**INFORMATION PROVIDED**
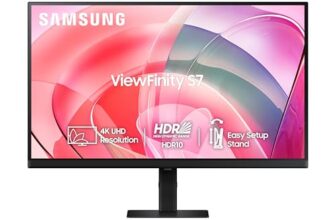 Samsung 27″ (68.47cm) UHD Monitor|4K 3840 x 2160|IPS Panel|1.07 Billion Colors|Ports-HDMI,DP,Headphone|PIP|PBP|HDR10|Eye Care Technology|LS27D700EAWXXL|Black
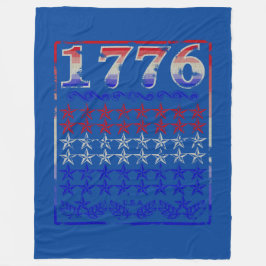 1776- Sterren Verdwenen Fleece Deken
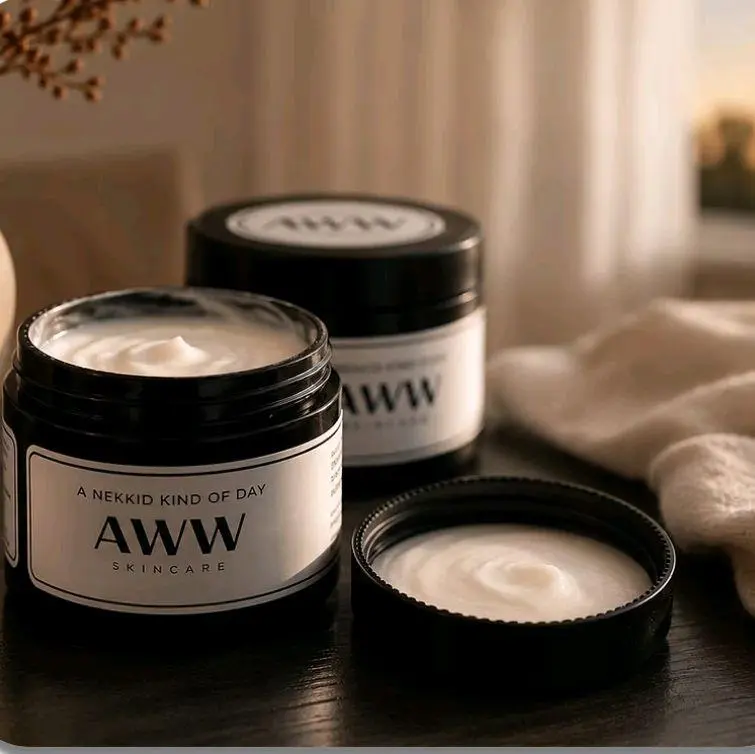AWW Skincare Gentle 4 oz Face & Body Moisturizer - Pick Your Mood, Coconut & Apricot Infused, Vitamin-Rich, Lightweight, Bright Eucalyptus + Fragrance-Free & Endless Mood-Inspired Scents for Soft, Hydrated Skin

**TASK TO COMPLETE**
Skipping all pictures, set the listing down exactly as written.

**EXERCISE RESPONSE**
 Samsung 27″ (68.47cm) UHD Monitor|4K 3840 x 2160|IPS Panel|1.07 Billion Colors|Ports-HDMI,DP,Headphone|PIP|PBP|HDR10|Eye Care Technology|LS27D700EAWXXL|Black
 1776- Sterren Verdwenen Fleece Deken
AWW Skincare Gentle 4 oz Face & Body Moisturizer - Pick Your Mood, Coconut & Apricot Infused, Vitamin-Rich, Lightweight, Bright Eucalyptus + Fragrance-Free & Endless Mood-Inspired Scents for Soft, Hydrated Skin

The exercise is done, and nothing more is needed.